Of course, if you're not moving, you can't call it a moving sale! But you might try a clever name like "The Big Sale on Brown Street" or "The Big Clean-Out!" I'd be curious and more likely to check it out.

Pricing and Dicing


I recently read an article saying that the most successful yard sales ditch the price tags altogether. That leaves room for bargaining -- you can kick it up higher and go down. That's all well and good if you are the only one working the sale. But if you have friends helping you, tags really help! Paul and Bonnie did have things priced. Yes, they were willing to deal, but it made it much easier for the helpers to know where things were going.


 

It's a Sign!


If you expect people to come to your sale, promotion helps. Whether its a note on Craig's list, a facebook post or an ad, it all helps. Better still are really good signs. People need to know where they are going -- and it doesn't mean just putting a sign on your street corner and in front of the house. It means on the main intersections that lead to your space. I am convinced that the signs bring them in, no matter what. And if you decide to extend an extra day and all your other promotion doesn't have that, updating signs can still bring 'em in.

Sunday, Sunday.


How many yard, estate or moving sales do you see on a Sunday? I don't see many. The sale I was working at was originally on Friday and Saturday. But there was still a lot left. So Saturday night it went into the garage and came out Sunday morning -- with no other promotion except modified signs. It was busy from opening at 11 till closing at 3. Even as we packed up after, people were still there. If I ever do one of these, Sunday will be in the plan.

 Organization Helps


You may not have lot of tables -- I know I wouldn't! But using tarps or vinyl tablecloths on the ground will help keep your items relatively nice. Labeled bins, organizing by topic (kitchen items here, books there, children's things here, holiday there, etc.) will help your shoppers find more of what they are looking for. You are essentially opening a store for two or three days. Use your space! Things on the lawn and in the driveway make it look like you have a lot -- and might be more worth stopping at than the place down the street!


 

Work the Floor


How many times have you been to a sale and the people who are there sit in the garage and unless you come up to them, they make no move to be friendly, say hello or even try to chat. Paul said something I will never forget -- "Every person who gets something gets a story with it." We all have stories for our stuff. Share some of those. I don't know if it was Paul, the item or the story -- but those people were buying. And the more they buy, the less to haul away!

 

Let's Make a Deal!


People hope to get good deals. And while you may treasure that lovely set of dishes you bought at Target five years ago and hardly used, the buyers don't really care. They want a good price. Be willing to mark appropriately -- or go down. But...


 

Know the REAL Value of Your Stuff


If you have a fine antique, something of greater value than a yard sale, for example -- then don't put it in the driveway or if you do, be willing to be firm on the price (or price for dealing) and willing to bring it back inside. onsider selling online, finding a specialty auction, donating to a museum. If you have to let it go, let it go with grace. Someone will love it.

 

Ask for Help!


When Paul and Bonnie asked their friends to help they offered us whatever we wanted from the sale and there was a never-ending supply of beverages and lunch, too. We had fun, at least I did. And yes, I came home with some lovelies, too! I'm sure I would have helped no matter what -- but it was nice to come home with some special things that remind me of them long after they're dipping their toes in Florida's oceans! (This is one of my favorite treasures. It will go on our Christmas tree as a reminder of our friends!)

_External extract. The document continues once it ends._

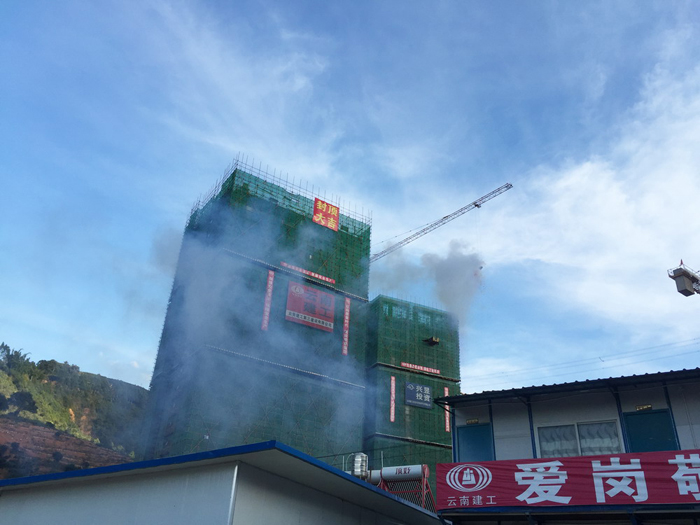 三公司墨江2013年公租房建设一期一标段主体封顶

Parting Is Such Sweet Sorrow


If you ask me, the toughest thing about doing a sale is the emotional attachment of letting go. (This explains a lot about my basement.) It's not the things you bought yourself, necessarily. It's the stuff you grew up with, the gifts from family or dear friends (especially the dearly departed friends) and your favorite collections. As we were packing things for Goodwill after the sale, Bonnie pulled out several of the stuffed toys. They were special to her, things her boys loved as children.Yes, they would have gone in the sale and she was fine with them going to someone who would love them. But beyond that, she couldn't let them go. At least, not that day. It wasn't the time. I wouldn't have been able to do that, either. Be gentle with yourself. Gentle but firm -- you can't keep it all!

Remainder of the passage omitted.